How to keep your pets safe during hot summer days.

As we go through the summer months with rising temperatures, it can be uncomfortable and dangerous to not only people, but our pets too. As pet owners, we need to be aware of these dangers and how to keep our pets cool and comfortable.

Here are a few tips to help keep your pets safe and comfortable in the summer heat.

  1. Never leave your pet in a parked car, even if the windows are cracked. Temperatures inside a vehicle rise rapidly. For example, on an 85-degree day the temperature inside a car with the windows cracked can reach 102 degrees within 10 minutes. After 30 minutes, the temperature can reach 120 degrees. This will cause organ damage and even death for any pet.

  2. Limit exercise on hot days. On really hot days, limit your pet to early-morning or evening-hour exercises. Also, be especially careful with pets that have light-colored ears, since they are more susceptible to skin cancer. Pets with short noses, who typically have difficulty breathing, may also have a lot of difficulty in extreme heat.
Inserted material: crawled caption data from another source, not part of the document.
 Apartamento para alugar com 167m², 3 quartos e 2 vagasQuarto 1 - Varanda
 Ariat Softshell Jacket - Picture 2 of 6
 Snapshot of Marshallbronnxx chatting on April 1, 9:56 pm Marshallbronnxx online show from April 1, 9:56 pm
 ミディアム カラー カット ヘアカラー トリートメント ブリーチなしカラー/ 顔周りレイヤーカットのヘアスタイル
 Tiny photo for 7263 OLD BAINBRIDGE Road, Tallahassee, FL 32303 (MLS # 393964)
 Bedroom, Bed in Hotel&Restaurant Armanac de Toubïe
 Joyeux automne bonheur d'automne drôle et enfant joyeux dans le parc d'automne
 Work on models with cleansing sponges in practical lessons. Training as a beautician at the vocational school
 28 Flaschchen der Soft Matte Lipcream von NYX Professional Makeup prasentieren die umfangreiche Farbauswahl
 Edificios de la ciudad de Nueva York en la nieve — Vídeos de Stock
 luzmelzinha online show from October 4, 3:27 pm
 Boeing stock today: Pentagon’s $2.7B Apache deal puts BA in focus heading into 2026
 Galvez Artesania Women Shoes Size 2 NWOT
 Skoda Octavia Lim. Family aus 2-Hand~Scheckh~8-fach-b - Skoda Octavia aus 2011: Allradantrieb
Asphalt gets very hot and can burn your pets’ paws, so walk them on grass if possible. Always carry water with you to keep your pet hydrated. 

  1. A fan isn’t enough. Pets respond to heat differently than humans do. Dogs sweat through their feet, and fans don’t have the same effect on dogs that they do on people.

  2. Give them plenty of shade and water. Make sure your pet has protection from the heat and sun, and plenty of fresh cold water. During heat waves, add ice to water to keep it cooler longer. You may think that a just because a doghouse provides shade it can keep your dog cool enough, but it doesn’t. There isn’t enough air flow in a typical doghouse to keep a pet cool.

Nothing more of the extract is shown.